同サービスの特徴として両社は、LINEアプリによりエレベーターを呼び出してタッチレスで利用可能、ビルオーナーも利用者も利用しやすいサービス提供形態の2点を挙げる。

エレベーターとのトーク画面

LINEアプリによる呼び出しについて、利用者はまず、エレベーターホールなどに用意したQRコードを読み込み、利用したいエレベーターのLINE公式アカウントを友だち登録する。 実際の利用時には、トーク(メッセージのやり取り)でエレベーターの呼び出しと行先階の登録を行うことで、ボタンに触れずにエレベーターを利用可能。自宅や職場など、利用機会が多い建物のエレベーターのLINE公式アカウントをあらかじめ友だち登録することで、よりスムーズな利用ができる。

サービス提供形態に関して、同サービスは日立ビルシステムと保全契約を結び遠隔監視を行っている標準型エレベーターが対象であり、保全契約に含むサービスとして提供する。 また、日本国内で8400万人以上の月間アクティブユーザーを持つというLINEアプリをサービス基盤としたことで、高いユーザビリティおよび利便性を実現したという。
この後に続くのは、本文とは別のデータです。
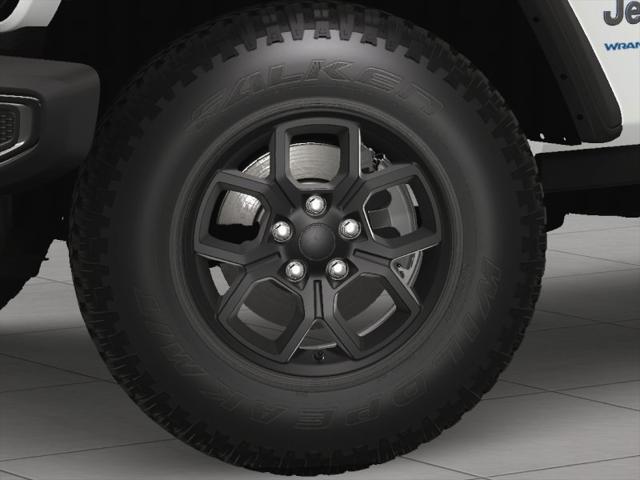 new 2025 Jeep Wrangler 4xe car, priced at $45,446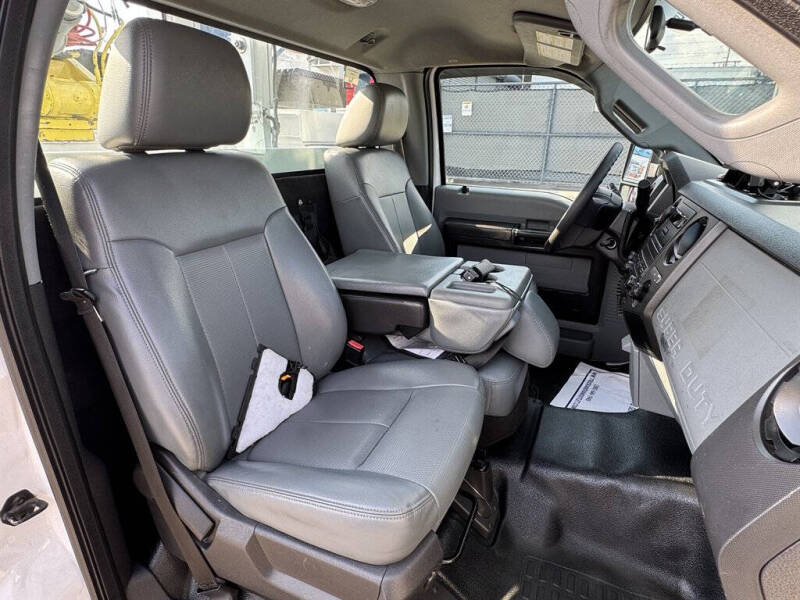 2016 Ford F-550 Super Duty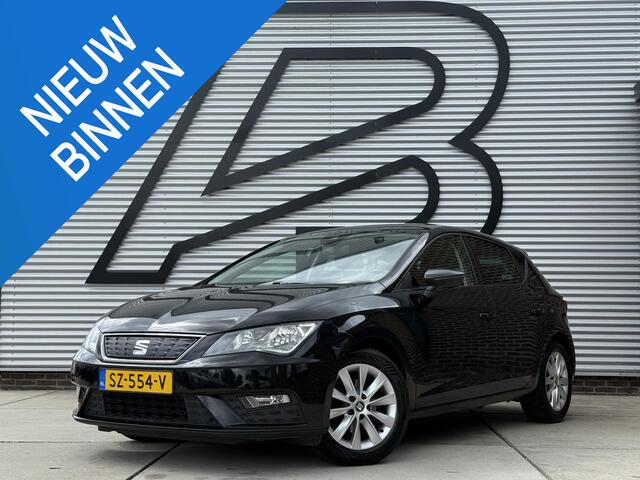 Seat LEON 1.0 EcoTSI Style Business Intense Navi|PDC V+A|Clima|Carplay|Cruise|N.A.P|APK tot 02-2027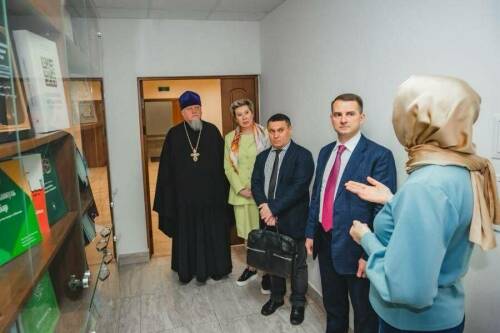 Ольга Павлова: Главное богатство России - духовные ценности традиционных конфессии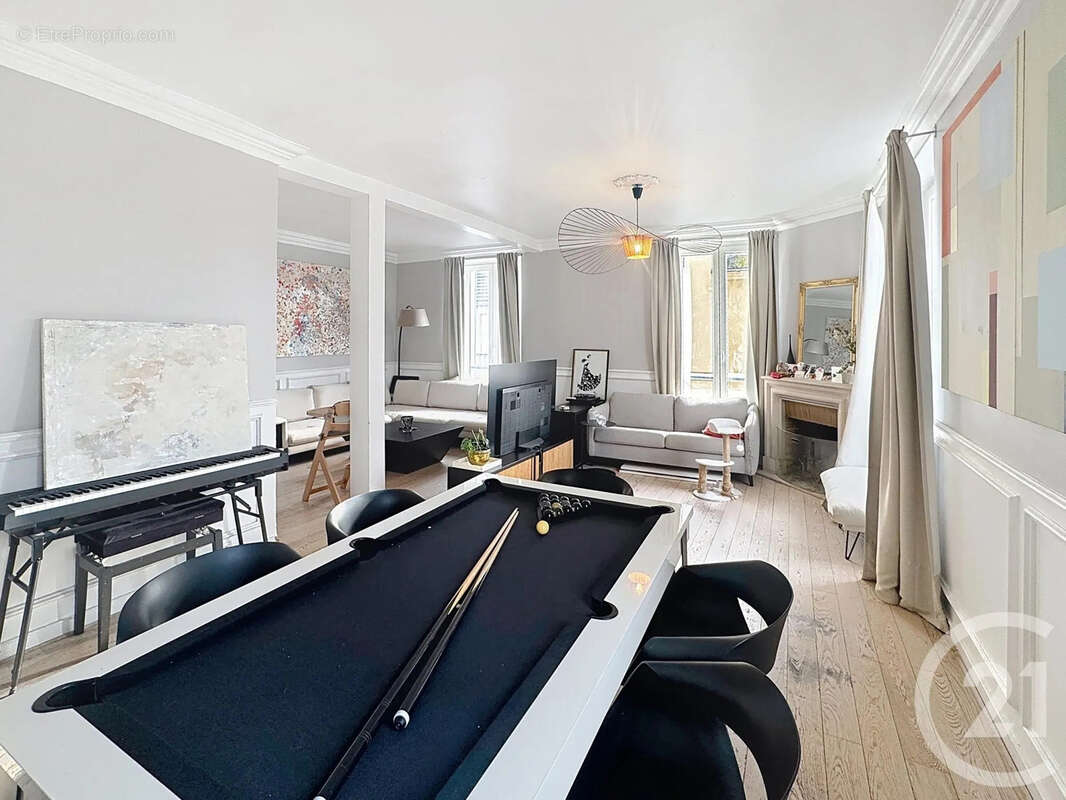 Appartement à MELUN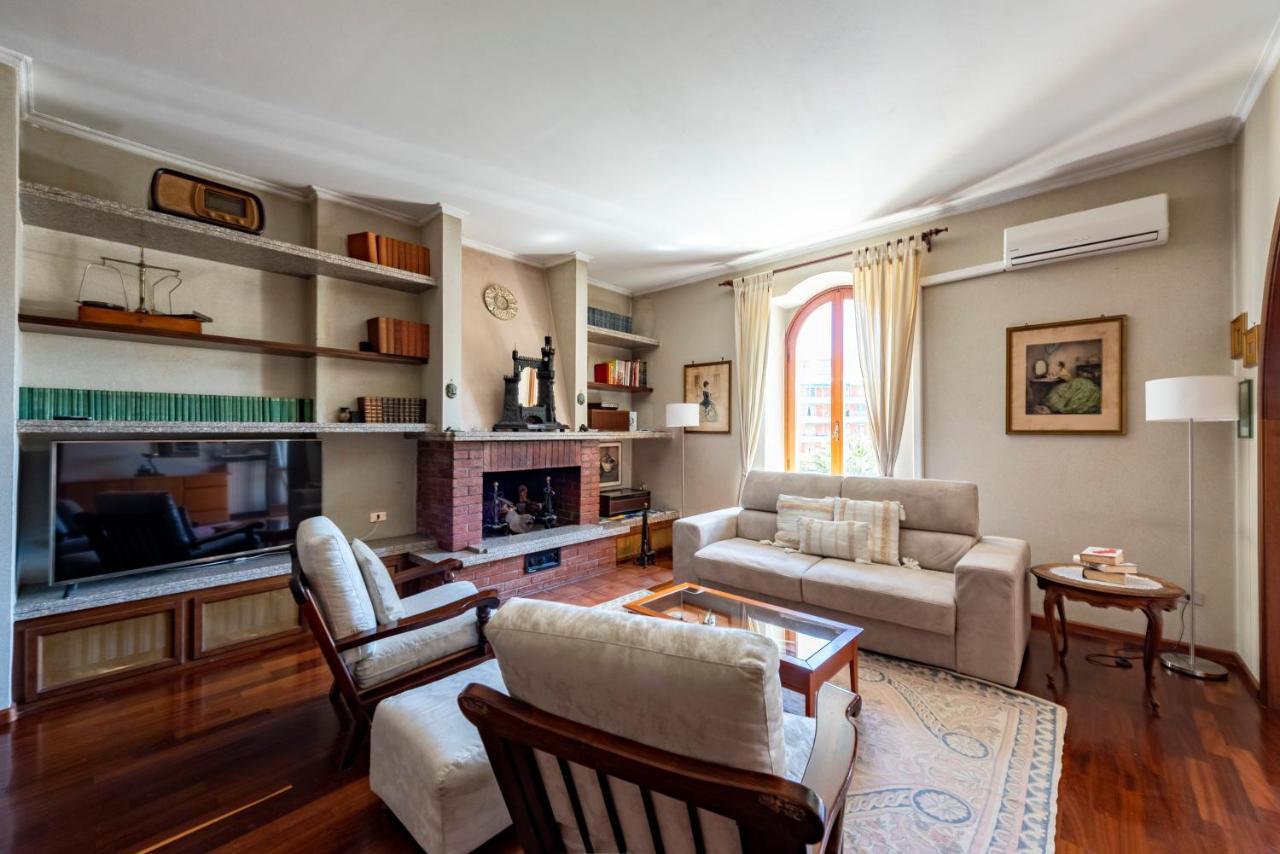 Apartment Villa Bruna Rapallo Eksteriør bilde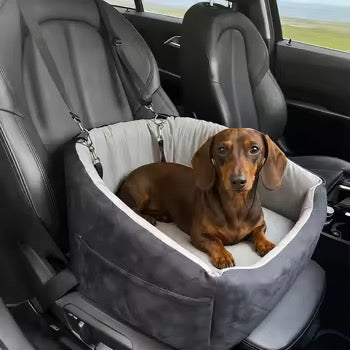 Dog travel sofa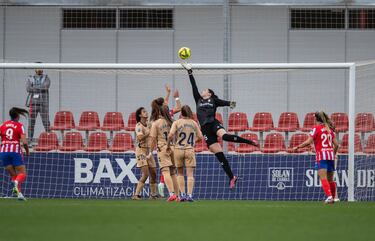 Astralaga: “En la Selección estaba en una nube, venía de verlas por la tele”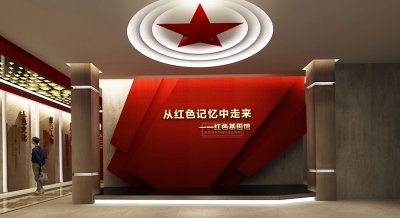致敬峥嵘岁月：革命历史展厅设计装修的核心要点解析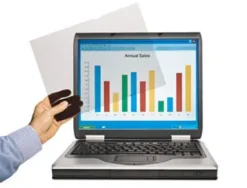 FILTRO PARA PANTALLA 3M PF-17 DE PRIVACIDAD PARA PORTATIL Y TFT-LCD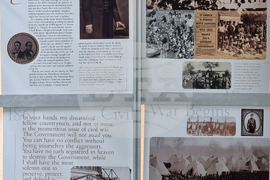 Варна - изложба - Ейбрахам Линкълн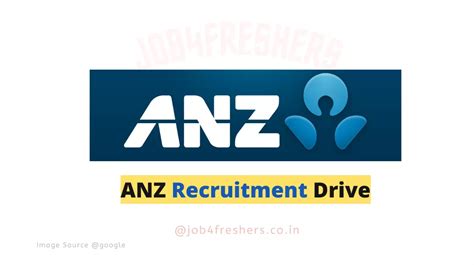 Anz Off Campus Drive Data Analyst Apply Now Job Freshers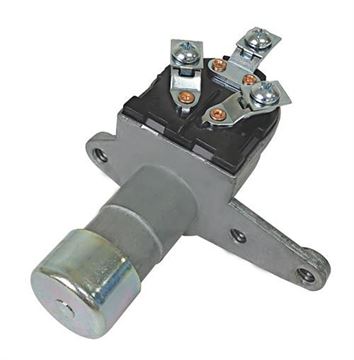 Picture of DIMMER SWITCH 47-55 : PYU265 CHEVY PU 47-55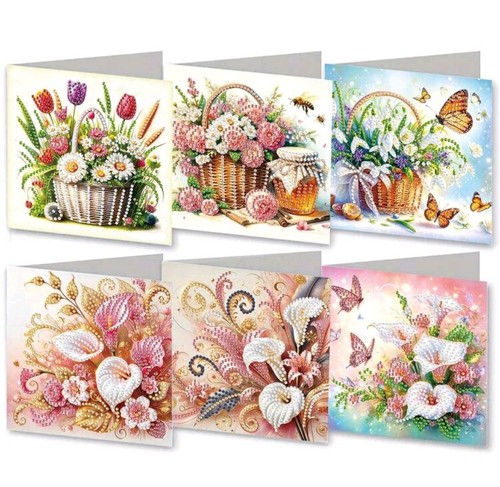 Diamond art diy kit - diamond,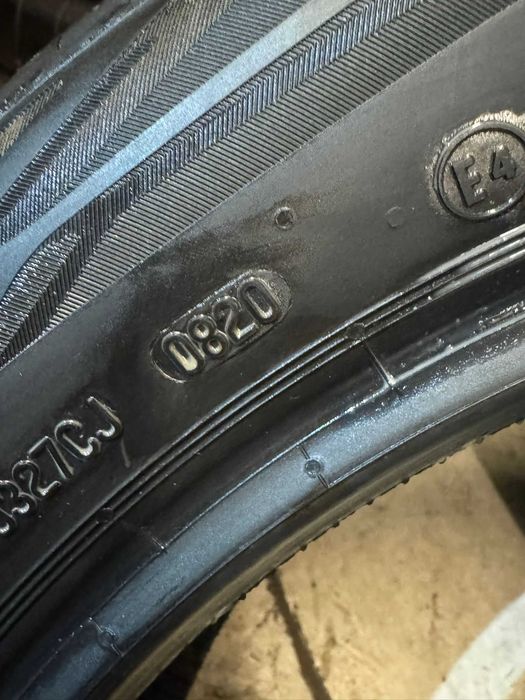 Continental 215/50R19 93T EcoContact 6 contiSeal (demo)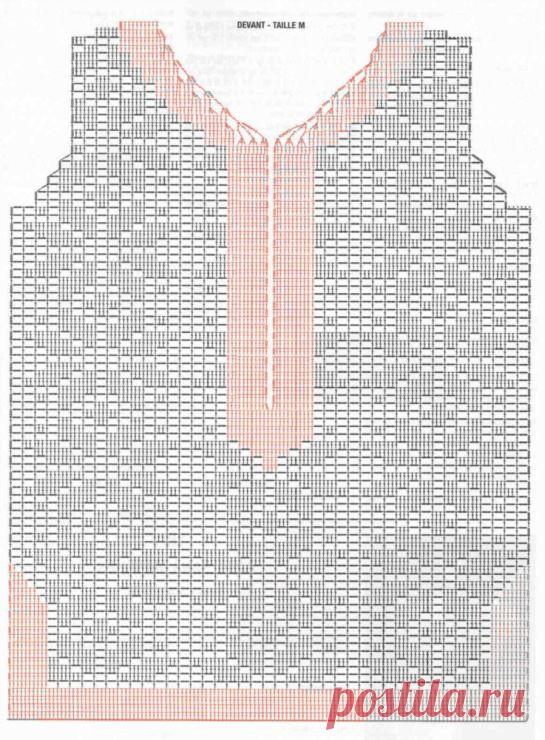 Gallery.ru / Фото #80 - филейное вязание 1 - g-lida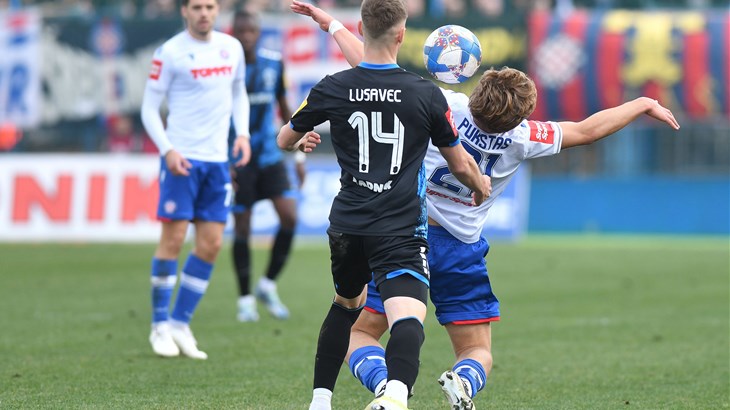 Karlo Lusavec napustio Varaždin i potpisao ugovor s danskim drugoligašem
また、現在開発中の非接触登録装置は、エレベーターホールの乗り場ボタン(上下ボタン)や乗りかご内の行先階ボタンとセンサーを併設し、直接ボタンに触れることなくセンサーに手をかざすことで、エレベーターを呼び出して行先階を登録できるというもの。新設エレベーター向けの有償オプションとして提供する予定であり、既設エレベーターへの設置については個別に対応を検討するとのことだ。